My Bourkes

I heard that a lot of female birds with eggs pluck an area on their belly bare to give the eggs contact with her skin for better incubation (a "brood patch") so her feather loss there is probably normal.
You have to wonder what they're thinking when they're sitting on eggs, especially for the first time. Do they have idea why? I doubt it.
 
I heard that a lot of female birds with eggs pluck an area on their belly bare to give the eggs contact with her skin for better incubation (a "brood patch") so her feather loss there is probably normal.
You have to wonder what they're thinking when they're sitting on eggs, especially for the first time. Do they have idea why? I doubt it.
I know about it - my budgie was doing it and I'm aware that it was normal. Fela is 10/11 years old and I've never noticed her doing it, so I thought that maybe she plucked to get rid off the egg (originally I thought that maybe only budgies have a brood patch)

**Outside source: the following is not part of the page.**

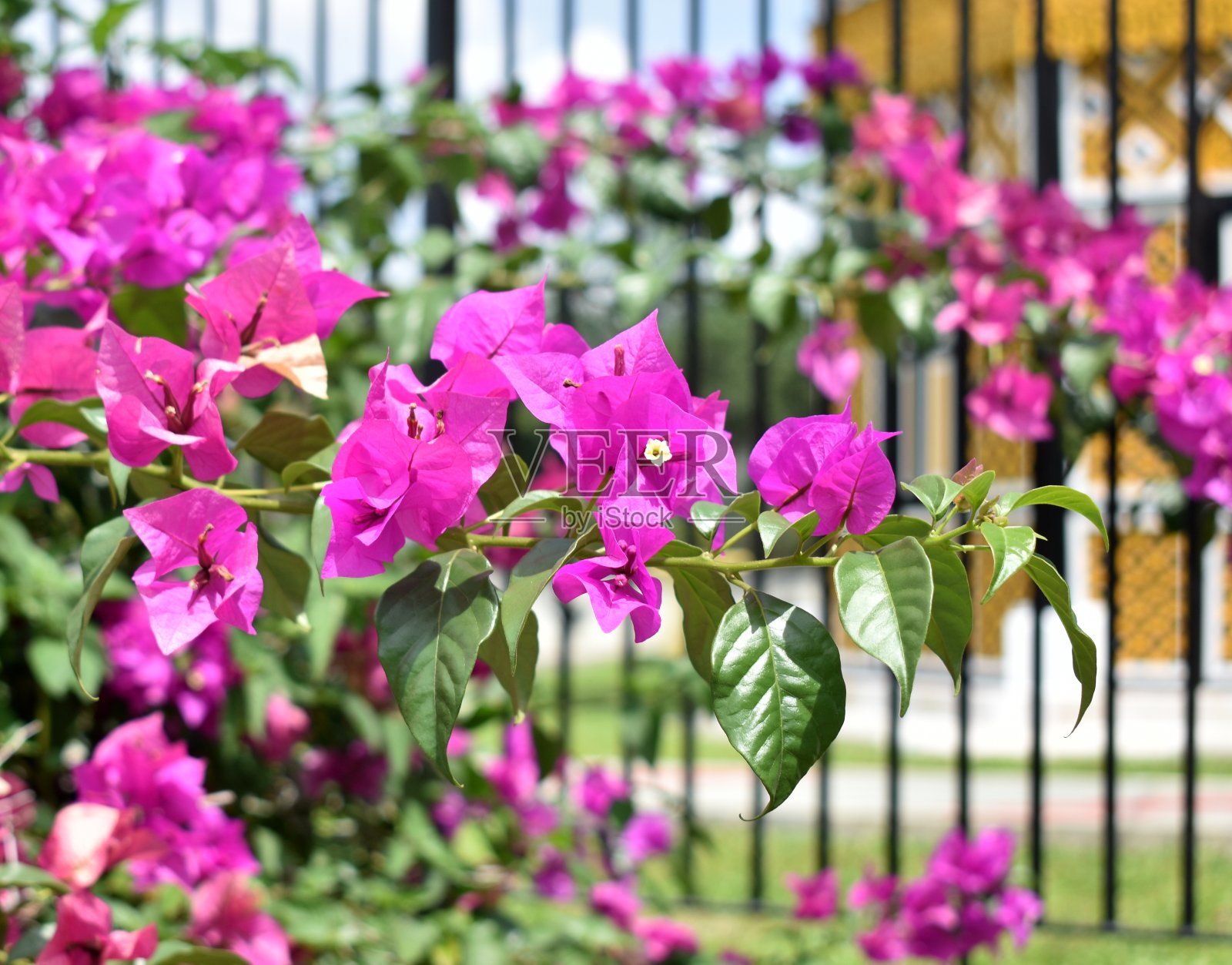 热带花园里漂亮的粉红色九重葛花照片摄影图片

And FYI it's not her 1st time, she has many years of experience, I just stopped allowing her raising babies because of her age
 
My budgie that bred last summer didn't pluck a brood patch. She was an egg laying machine- 10 per clutch- but I only let her have 2 or 3 fertile eggs. The rest were subbed with dummies. She was small for a budgie but woulld fluff up and spread out her body to cover all the eggs. I couldn't imagine how boring it would be to incubate eggs for over 20 days plus another 10 days keeping her chicks warm.